## [Stored data entries]

==*==

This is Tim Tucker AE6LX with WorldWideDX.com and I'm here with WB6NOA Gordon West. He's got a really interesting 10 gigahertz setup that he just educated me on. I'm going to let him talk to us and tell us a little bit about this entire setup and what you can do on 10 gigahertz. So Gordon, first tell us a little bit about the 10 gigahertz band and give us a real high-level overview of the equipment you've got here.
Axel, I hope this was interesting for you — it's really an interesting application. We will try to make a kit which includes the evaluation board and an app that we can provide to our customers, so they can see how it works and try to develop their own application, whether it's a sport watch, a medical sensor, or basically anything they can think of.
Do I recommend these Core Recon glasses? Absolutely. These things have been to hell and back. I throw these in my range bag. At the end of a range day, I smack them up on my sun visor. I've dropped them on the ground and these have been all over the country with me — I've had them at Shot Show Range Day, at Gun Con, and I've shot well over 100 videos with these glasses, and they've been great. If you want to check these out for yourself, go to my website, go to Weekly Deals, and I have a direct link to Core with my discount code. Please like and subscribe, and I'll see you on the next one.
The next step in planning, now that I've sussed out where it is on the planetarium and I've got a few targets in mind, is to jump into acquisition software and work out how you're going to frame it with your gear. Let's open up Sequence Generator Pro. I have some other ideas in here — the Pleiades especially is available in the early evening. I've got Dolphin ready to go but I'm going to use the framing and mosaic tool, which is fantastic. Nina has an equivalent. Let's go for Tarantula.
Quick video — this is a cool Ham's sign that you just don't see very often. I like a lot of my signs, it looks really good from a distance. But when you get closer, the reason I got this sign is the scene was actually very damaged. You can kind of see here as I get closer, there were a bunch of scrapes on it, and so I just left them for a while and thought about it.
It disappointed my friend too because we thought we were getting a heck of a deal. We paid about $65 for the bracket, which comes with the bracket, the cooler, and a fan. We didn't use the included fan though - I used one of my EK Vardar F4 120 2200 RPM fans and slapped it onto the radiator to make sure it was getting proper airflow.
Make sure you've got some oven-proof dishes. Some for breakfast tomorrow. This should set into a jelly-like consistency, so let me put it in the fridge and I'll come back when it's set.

==*==

## [Task item]
Please give all the entries above again, exactly as they stand.

## [Output for this task]
This is Tim Tucker AE6LX with WorldWideDX.com and I'm here with WB6NOA Gordon West. He's got a really interesting 10 gigahertz setup that he just educated me on. I'm going to let him talk to us and tell us a little bit about this entire setup and what you can do on 10 gigahertz. So Gordon, first tell us a little bit about the 10 gigahertz band and give us a real high-level overview of the equipment you've got here.
Axel, I hope this was interesting for you — it's really an interesting application. We will try to make a kit which includes the evaluation board and an app that we can provide to our customers, so they can see how it works and try to develop their own application, whether it's a sport watch, a medical sensor, or basically anything they can think of.
Do I recommend these Core Recon glasses? Absolutely. These things have been to hell and back. I throw these in my range bag. At the end of a range day, I smack them up on my sun visor. I've dropped them on the ground and these have been all over the country with me — I've had them at Shot Show Range Day, at Gun Con, and I've shot well over 100 videos with these glasses, and they've been great. If you want to check these out for yourself, go to my website, go to Weekly Deals, and I have a direct link to Core with my discount code. Please like and subscribe, and I'll see you on the next one.
The next step in planning, now that I've sussed out where it is on the planetarium and I've got a few targets in mind, is to jump into acquisition software and work out how you're going to frame it with your gear. Let's open up Sequence Generator Pro. I have some other ideas in here — the Pleiades especially is available in the early evening. I've got Dolphin ready to go but I'm going to use the framing and mosaic tool, which is fantastic. Nina has an equivalent. Let's go for Tarantula.
Quick video — this is a cool Ham's sign that you just don't see very often. I like a lot of my signs, it looks really good from a distance. But when you get closer, the reason I got this sign is the scene was actually very damaged. You can kind of see here as I get closer, there were a bunch of scrapes on it, and so I just left them for a while and thought about it.
It disappointed my friend too because we thought we were getting a heck of a deal. We paid about $65 for the bracket, which comes with the bracket, the cooler, and a fan. We didn't use the included fan though - I used one of my EK Vardar F4 120 2200 RPM fans and slapped it onto the radiator to make sure it was getting proper airflow.
Make sure you've got some oven-proof dishes. Some for breakfast tomorrow. This should set into a jelly-like consistency, so let me put it in the fridge and I'll come back when it's set.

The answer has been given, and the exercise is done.